Leahy suggested Gorsuch should be able to at least address the general issue of the government’s right to single out religions for particular treatment. “Would the president have the authority to ban all Jews from the United States or all people that come from Israel?” Leahy asked.
Gorsuch wouldn’t answer that question either, but eventually did pass judgment on whether a specific religion could be banned from the military.
“That’s against the law,” Gorsuch said.
Gorsuch takes on prosecutors
One question about Gorsuch is whether he shares some of the late Justice Antonin Scalia’s more iconoclastic beliefs, including his strict insistence on criminal defendants’ rights and his expansive view of the Constitution’s protections against unreasonable searches and seizures.
Under questioning by Sen. Orrin Hatch, Gorsuch signaled Tuesday that he’s willing to rule in ways prosecutors dislike.
“Ask the U.S. Attorney’s office in Colorado. I give them a pretty hard time. I make them square their corners, Sen. Hatch,” Gorsuch said, his voice growing slow, measured and emphatic. He pointed to several of his decisions: “Three recent Fourth Amendment cases, ruling for the accused — the least among us — against the government.”
Gorsuch’s ‘gentler’ side in the war on terror
Feinstein also expressed concern with Gorsuch’s involvement as a Justice Department official on a signing statement Bush issued, which seemed to narrow an anti-torture amendment authored by Sen. John McCain.
“Doesn’t it mean when you wrote this in e-mail you were condoning waterboarding as lawful?” the California senator said.
Gorsuch said the statement divided the administration and that he wasn’t a policy advocate. My “involvement in this process was as a lawyer. That’s all I was I was a lawyer for a client,” the nominee insisted.
However, Gorsuch also said his views tended to the “gentler” side.

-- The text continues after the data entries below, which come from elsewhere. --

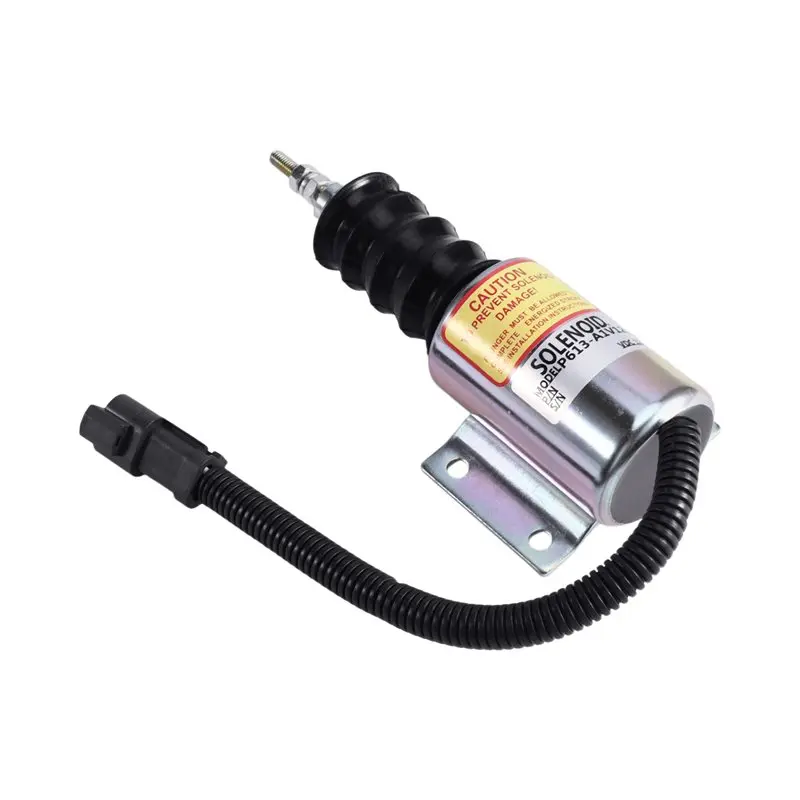 AT05-12V Pull Solenoid For Genie Boom Lifts Diesel Engine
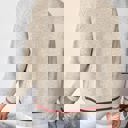 Small Varsity Inspired Zip Up Sweater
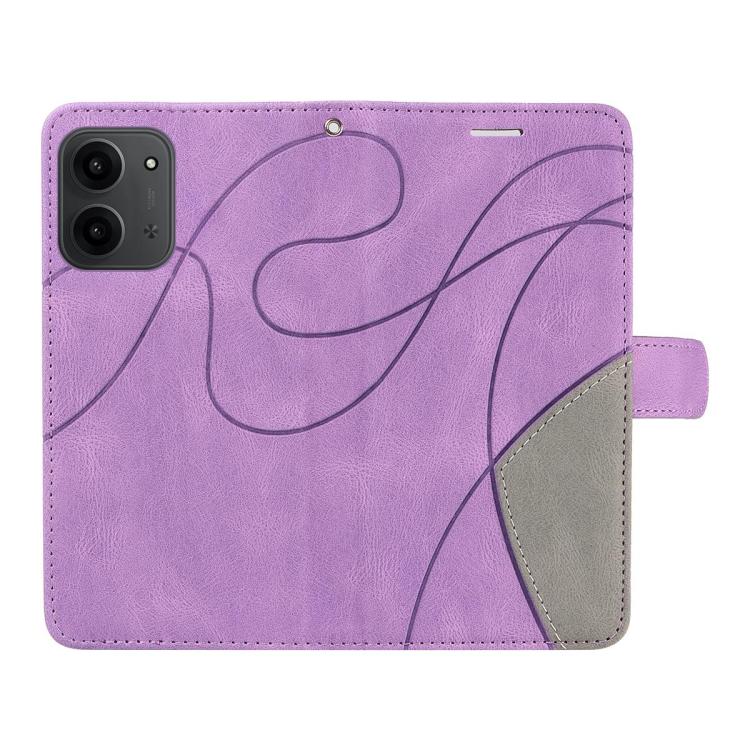 For Redmi 15C 4G EU / 15C 5G 173.1mm Dual-color Splicing Flip Leather Phone Case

“There were individuals, in maybe the vice president’s office, who wanted a more aggressive signing statement along the lines you described and…there were others, including at the State Department, who wanted a gentler signing statement. And my recollection sitting here as best I can give it to you without studying the email is: I was in the latter camp.”
Gorsuch on making Trump’s list
Gorsuch revealed Tuesday that he’d just been discussing with a friend how he had missed out on then-candidate Trump’s first list of potential high court nominees, when he learned he’d made an updated version of that list.
Gorsuch recounted Tuesday that he’d had breakfast with legal scholar and frequent Scalia co-author Bryan Garner, who was seated in the hearing room, when Trump’s first list emerged.
“We were having breakfast one day and he said, ‘Neil, you’re not on the list.’ … I said I love my life in Colorado. I wouldn’t change a thing. I’m a happy man. I have a loving wife, beautiful home and children, a great job with wonderful colleagues. I’m a happy person.”
Gorsuch suggested he was content with that situation, when he abruptly learned he’d made Trump’s second tranche.
“Walking away from breakfast, I get an e-mail from Bryan saying there’s a new list and you’re on it. And that was the first I heard of it,” Gorsuch said.
The lists were prepared for Trump by the conservative Federalist Society and the Heritage Foundation, an unorthodox move that has come under fire from Democrats.
Gorsuch tries to make a joke
During questioning about his views about past cases, Gorsuch made it clear that judges — like all humans — aren’t without personal views. But it was incumbent on judges to rule fairly, he added.
“We’re all human beings. I get that. I’m not an algorithm,” Gorsuch said. “We haven’t yet replaced judges with algorithms, although I think eBay is trying.”
No one inside the hearing room laughed, and Gorsuch moved on.